五台山の県立牧野植物園が開設五十周年を迎え、植物園南側の庭園も大幅なリニューアルを行い、素晴らしい景観に生まれ変わりました。
四月一日の五台山花絵巻のオープニングの時に、ひときわ人々の注目を浴びている、鮮やかな紅色の花が満開の桜の大木がありました。
「仙台屋桜」という興味深い名称に心が引かれ、後で調べてみると、牧野富太郎先生がこよなく愛していた桜だそうです。

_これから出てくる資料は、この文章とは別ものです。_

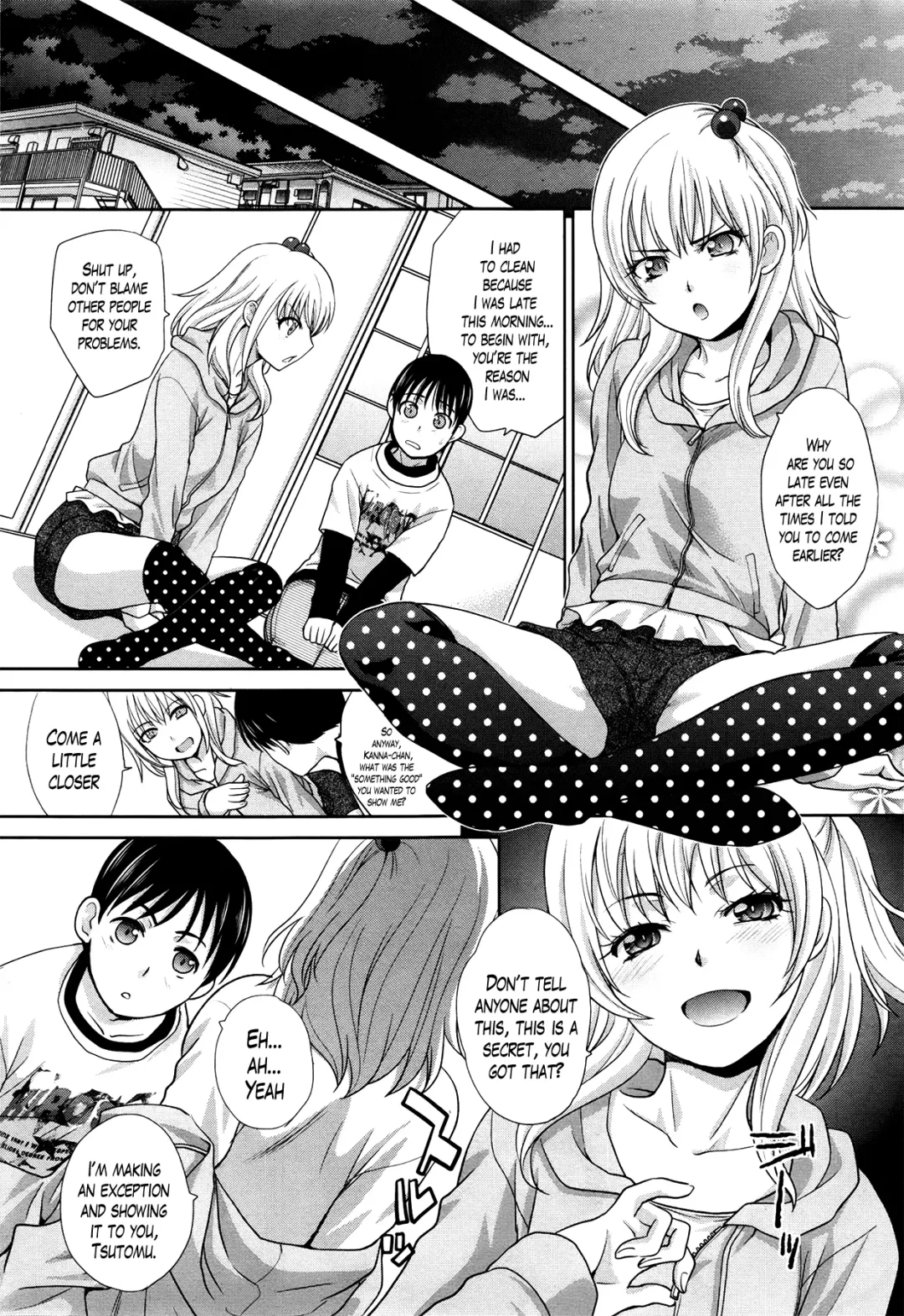 [Itaba Hiroshi] Boku no Daisuki na Oba-san Ch. 1-4 Fhentai - Page 6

歴史的には、仙台から旭の中須賀に移住してきた佐伯氏が「仙台屋」という屋号で商売を始め、屋敷にあった桜を「仙台屋桜」と呼び始めたようですが、ソメイヨシノの薄いピンク色とは違い、紅色が濃く色香があります。
牧野先生も大変気に入って、東京の自宅にも苗木を送ったそうです。
五台山でこの桜を見て以来、ずっと気になっていましたが、全国市長会での東京出張の折に、思いがけず再び仙台屋桜に出会いました。皇居の半蔵門近くに日本の伝統文化の拠点である国立劇場があります。その庭園に見事な紅色のしだれ桜があるのを見て、あまりの美しさに吸い寄せられるように近づいてみると、高知の「仙台屋紅枝垂べにしだれ桜」とあったので、その奇遇にびっくり!どういう経路で高知市の仙台屋のしだれ桜が日本を代表する文化の殿堂の入り口に植えられているのか、不思議な縁を感じました。
仙台屋桜のような日本古来の山桜の個性豊かな花を見ますと、自然の中で力強く生き抜いて来たたくましさに強い感動を覚えます。